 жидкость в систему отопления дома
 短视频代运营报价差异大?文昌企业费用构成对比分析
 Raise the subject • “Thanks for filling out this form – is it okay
:::::
• **About this task**
Copy out the full listing so that each line matches exactly.

• **Solution to the exercise**
 жидкость в систему отопления дома
 短视频代运营报价差异大?文昌企业费用构成对比分析
 Raise the subject • “Thanks for filling out this form – is it okay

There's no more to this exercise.